--- Supplied records ---
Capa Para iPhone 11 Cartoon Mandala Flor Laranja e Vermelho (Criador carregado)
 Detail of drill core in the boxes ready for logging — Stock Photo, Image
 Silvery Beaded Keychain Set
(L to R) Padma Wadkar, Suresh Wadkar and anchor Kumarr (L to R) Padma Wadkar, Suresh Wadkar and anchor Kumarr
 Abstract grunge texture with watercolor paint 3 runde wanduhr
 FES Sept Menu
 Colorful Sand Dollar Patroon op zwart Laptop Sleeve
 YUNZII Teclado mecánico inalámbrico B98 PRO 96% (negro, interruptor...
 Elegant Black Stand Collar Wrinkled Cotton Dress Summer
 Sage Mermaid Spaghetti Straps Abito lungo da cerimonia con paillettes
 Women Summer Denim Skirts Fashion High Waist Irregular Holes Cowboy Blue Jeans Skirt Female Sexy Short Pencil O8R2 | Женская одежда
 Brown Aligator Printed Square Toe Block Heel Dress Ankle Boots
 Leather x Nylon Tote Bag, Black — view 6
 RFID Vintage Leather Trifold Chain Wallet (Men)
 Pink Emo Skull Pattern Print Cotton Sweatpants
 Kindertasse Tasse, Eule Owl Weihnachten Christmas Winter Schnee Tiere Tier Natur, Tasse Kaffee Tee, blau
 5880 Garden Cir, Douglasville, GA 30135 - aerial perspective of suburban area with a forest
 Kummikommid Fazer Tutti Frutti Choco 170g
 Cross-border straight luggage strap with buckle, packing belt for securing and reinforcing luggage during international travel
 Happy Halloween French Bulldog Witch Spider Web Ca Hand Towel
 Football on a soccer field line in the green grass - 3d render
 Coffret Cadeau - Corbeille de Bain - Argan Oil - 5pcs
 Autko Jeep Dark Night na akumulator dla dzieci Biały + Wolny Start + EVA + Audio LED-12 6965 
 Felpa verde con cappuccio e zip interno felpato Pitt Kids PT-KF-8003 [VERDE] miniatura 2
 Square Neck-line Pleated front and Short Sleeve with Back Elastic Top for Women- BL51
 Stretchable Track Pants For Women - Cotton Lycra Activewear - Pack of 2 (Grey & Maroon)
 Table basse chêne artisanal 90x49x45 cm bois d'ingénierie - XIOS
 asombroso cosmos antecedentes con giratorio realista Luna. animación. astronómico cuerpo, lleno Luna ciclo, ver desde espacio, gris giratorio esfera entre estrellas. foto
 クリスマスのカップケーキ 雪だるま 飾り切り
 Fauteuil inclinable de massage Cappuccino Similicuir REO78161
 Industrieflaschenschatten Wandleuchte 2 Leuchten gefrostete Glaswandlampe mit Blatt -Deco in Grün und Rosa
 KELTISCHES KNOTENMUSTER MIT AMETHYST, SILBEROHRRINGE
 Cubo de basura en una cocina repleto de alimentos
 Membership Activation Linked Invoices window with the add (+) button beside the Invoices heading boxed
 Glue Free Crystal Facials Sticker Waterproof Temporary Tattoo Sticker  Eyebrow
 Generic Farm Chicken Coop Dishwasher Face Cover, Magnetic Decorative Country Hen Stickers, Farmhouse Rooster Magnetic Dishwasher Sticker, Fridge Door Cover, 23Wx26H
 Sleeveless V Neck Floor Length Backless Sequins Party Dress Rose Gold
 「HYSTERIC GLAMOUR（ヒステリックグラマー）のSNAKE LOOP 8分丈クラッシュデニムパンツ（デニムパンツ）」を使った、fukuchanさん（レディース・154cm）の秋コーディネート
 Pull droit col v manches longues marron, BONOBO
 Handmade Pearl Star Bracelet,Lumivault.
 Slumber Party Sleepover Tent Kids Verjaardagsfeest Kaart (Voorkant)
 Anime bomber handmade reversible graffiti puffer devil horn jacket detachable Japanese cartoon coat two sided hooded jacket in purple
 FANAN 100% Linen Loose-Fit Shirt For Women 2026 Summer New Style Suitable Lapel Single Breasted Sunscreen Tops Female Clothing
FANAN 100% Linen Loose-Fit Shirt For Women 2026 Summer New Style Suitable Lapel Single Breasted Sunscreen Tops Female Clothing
---
**What this task involves:** Output the data exactly, in full.

**Response to this task:**
Capa Para iPhone 11 Cartoon Mandala Flor Laranja e Vermelho (Criador carregado)
 Detail of drill core in the boxes ready for logging — Stock Photo, Image
 Silvery Beaded Keychain Set
(L to R) Padma Wadkar, Suresh Wadkar and anchor Kumarr (L to R) Padma Wadkar, Suresh Wadkar and anchor Kumarr
 Abstract grunge texture with watercolor paint 3 runde wanduhr
 FES Sept Menu
 Colorful Sand Dollar Patroon op zwart Laptop Sleeve
 YUNZII Teclado mecánico inalámbrico B98 PRO 96% (negro, interruptor...
 Elegant Black Stand Collar Wrinkled Cotton Dress Summer
 Sage Mermaid Spaghetti Straps Abito lungo da cerimonia con paillettes
 Women Summer Denim Skirts Fashion High Waist Irregular Holes Cowboy Blue Jeans Skirt Female Sexy Short Pencil O8R2 | Женская одежда
 Brown Aligator Printed Square Toe Block Heel Dress Ankle Boots
 Leather x Nylon Tote Bag, Black — view 6
 RFID Vintage Leather Trifold Chain Wallet (Men)
 Pink Emo Skull Pattern Print Cotton Sweatpants
 Kindertasse Tasse, Eule Owl Weihnachten Christmas Winter Schnee Tiere Tier Natur, Tasse Kaffee Tee, blau
 5880 Garden Cir, Douglasville, GA 30135 - aerial perspective of suburban area with a forest
 Kummikommid Fazer Tutti Frutti Choco 170g
 Cross-border straight luggage strap with buckle, packing belt for securing and reinforcing luggage during international travel
 Happy Halloween French Bulldog Witch Spider Web Ca Hand Towel
 Football on a soccer field line in the green grass - 3d render
 Coffret Cadeau - Corbeille de Bain - Argan Oil - 5pcs
 Autko Jeep Dark Night na akumulator dla dzieci Biały + Wolny Start + EVA + Audio LED-12 6965 
 Felpa verde con cappuccio e zip interno felpato Pitt Kids PT-KF-8003 [VERDE] miniatura 2
 Square Neck-line Pleated front and Short Sleeve with Back Elastic Top for Women- BL51
 Stretchable Track Pants For Women - Cotton Lycra Activewear - Pack of 2 (Grey & Maroon)
 Table basse chêne artisanal 90x49x45 cm bois d'ingénierie - XIOS
 asombroso cosmos antecedentes con giratorio realista Luna. animación. astronómico cuerpo, lleno Luna ciclo, ver desde espacio, gris giratorio esfera entre estrellas. foto
 クリスマスのカップケーキ 雪だるま 飾り切り
 Fauteuil inclinable de massage Cappuccino Similicuir REO78161
 Industrieflaschenschatten Wandleuchte 2 Leuchten gefrostete Glaswandlampe mit Blatt -Deco in Grün und Rosa
 KELTISCHES KNOTENMUSTER MIT AMETHYST, SILBEROHRRINGE
 Cubo de basura en una cocina repleto de alimentos
 Membership Activation Linked Invoices window with the add (+) button beside the Invoices heading boxed
 Glue Free Crystal Facials Sticker Waterproof Temporary Tattoo Sticker  Eyebrow
 Generic Farm Chicken Coop Dishwasher Face Cover, Magnetic Decorative Country Hen Stickers, Farmhouse Rooster Magnetic Dishwasher Sticker, Fridge Door Cover, 23Wx26H
 Sleeveless V Neck Floor Length Backless Sequins Party Dress Rose Gold
 「HYSTERIC GLAMOUR（ヒステリックグラマー）のSNAKE LOOP 8分丈クラッシュデニムパンツ（デニムパンツ）」を使った、fukuchanさん（レディース・154cm）の秋コーディネート
 Pull droit col v manches longues marron, BONOBO
 Handmade Pearl Star Bracelet,Lumivault.
 Slumber Party Sleepover Tent Kids Verjaardagsfeest Kaart (Voorkant)
 Anime bomber handmade reversible graffiti puffer devil horn jacket detachable Japanese cartoon coat two sided hooded jacket in purple
 FANAN 100% Linen Loose-Fit Shirt For Women 2026 Summer New Style Suitable Lapel Single Breasted Sunscreen Tops Female Clothing
FANAN 100% Linen Loose-Fit Shirt For Women 2026 Summer New Style Suitable Lapel Single Breasted Sunscreen Tops Female Clothing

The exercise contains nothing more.